En voulant se positionner sur les catégories populaires, en affirmant sa ligne sur les sujets régaliens, il souligne les faiblesses et ambiguïtés d’Emmanuel Macron. En quoi cela risque de peser sur la fin du quinquennat Macron ? Le en même temps pourra-t-il résister à cette nouvelle pression ?

Arnaud Benedetti : L’opération Darmanin entend encore une fois faire bouger la tectonique des plaques à l’intérieur du bloc majoritaire. Pour ce faire, il faut prendre le contrepied d’une partie du socle électoral « élitaire » pour reprendre la formule de Jérôme Sainte-Marie. Problème : peut-on reconquérir le « bloc populaire » sans effet d’éviction du côté des CSP plus qui votent pour Emmanuel Macron ? Autre problème déjà évoqué, la question de la crédibilité. A l’épreuve des immenses défis auxquels est confronté le pays, l’habileté tactique peut s’avérer très insuffisante, alors que la crise de confiance n’a jamais été aussi intense entre les français et leurs dirigeants. Faire comme si ce déficit n’avait pas d’effet sur les représentations collectives des citoyens témoigne aussi d’une conscientisation très relative des temps que nous traversons. S’il faut sans doute extraire un enseignement de l’entreprise initiée par le ministre de l’intérieur, c’est qu’elle acte pour la première fois l’organisation des contradictions au sein même de la majorité. Le post-macronisme a déjà commencé. A quatre ans de l’échéance présidentielle les tensions sur les équilibres internes de la majorité pourraient s’intensifier et faute de majorité absolue à l’assemblée en rendre le pilotage beaucoup plus complexe.

Que penser de son attitude vis-à-vis du RN, de l’immigration ou de l’islam, à la fois très dure et ambiguë. Où se situe-t-il vraiment ?

Arnaud Benedetti : Le RN a ossifié non seulement son implantation dans l’électorat populaire mais il a par ailleurs gagné en crédibilité républicaine. Dans le même temps qu’il lui manifestait son soutien, Nicolas Sarkozy, on l’a insuffisamment souligné, observait ce qu’il appelait les « progrès » de Marine Le Pen et objectivait la dimension républicaine de son offre politique. La question essentielle pour Gérald Darmanin est celle de la sincérité. Il incarne une figure politique habile, astucieuse, voire un peu cynique, mais n’est-ce pas là des qualités intuitives qui apparaissent à nombre de concitoyens comme autant de défauts. Marine Le Pen, qu’il prétend combattre, a pour elle la cohérence, la patience aussi, une forme d’abnégation qui s’ils étaient le moment venu confrontés l’un face à l’autre sont autant d’éléments qui pourraient s’avérer redoutablement efficients après tant d’années d’essorage idéologique. La lessiveuse politicienne pourrait toucher à ses limites comme la IVème République en son temps a fini par se déliter faute de clarté.

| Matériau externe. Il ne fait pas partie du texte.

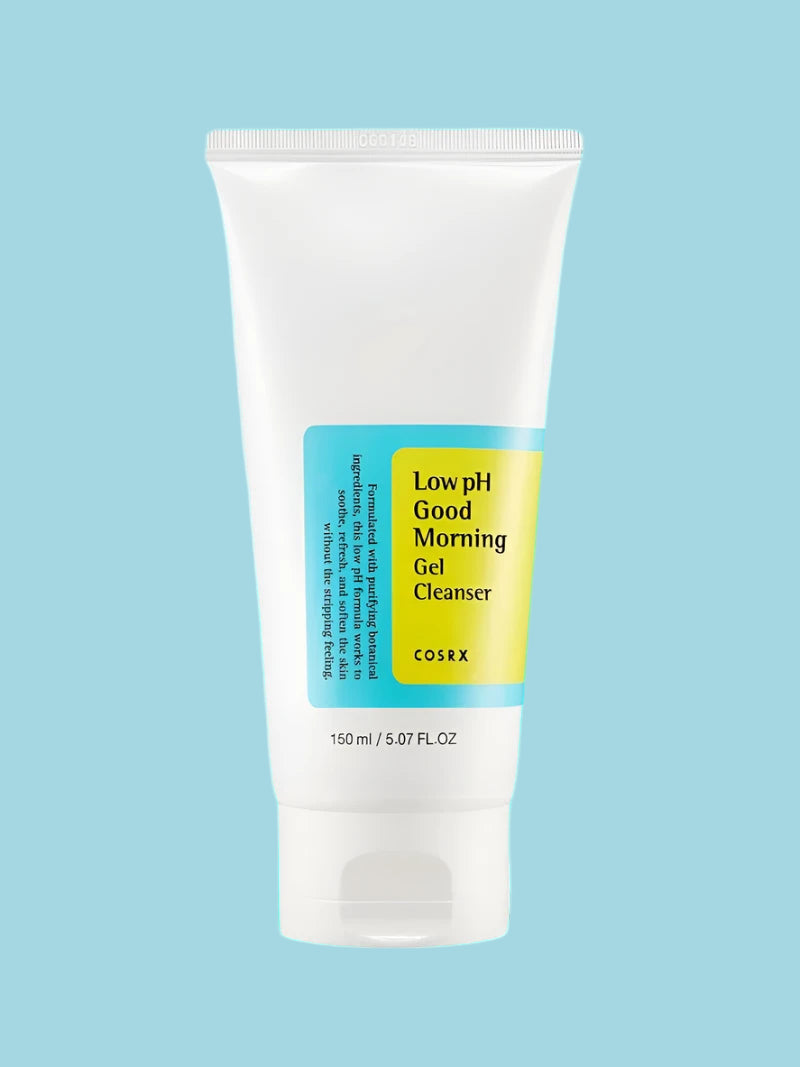 COSRX - Low pH Good Morning Gel Cleanser 150ml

L’absence de mesures ou d’annonces réelles dans son discours de dimanche ne va-t-il pas nuire au projet de Gérald Darmanin ? Va-t-il réellement rassurer les citoyens à travers cette rentrée politique et son allocution en citant notamment la sécurité comme « la première des politiques sociales » ? Gérald Darmanin répond-il réellement aux défis auxquels sont confrontées les classes populaires ?

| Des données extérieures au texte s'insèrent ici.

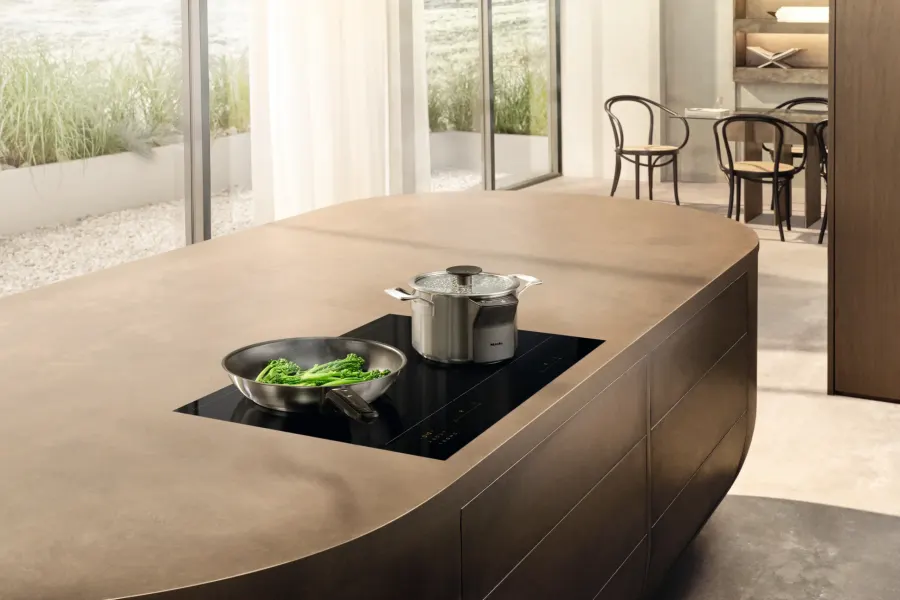 Miele KM 8585 FL – foto 2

Carlyle Gbei : Il s’agissait d’une rencontre informelle qui n’avait pas vocation à déboucher sur des mesures ou des annonces réelles. Pour rappel, il demeure ministre de l’Intérieur et des Outre-mer. Il ne peut être jugé que sur son action en matière de sécurité. Il doit répondre pour l’instant au défi sécuritaire qui oui, est l’une des principales préoccupations des classes populaires. C’est à ce niveau qu’il est attendu pour le moment.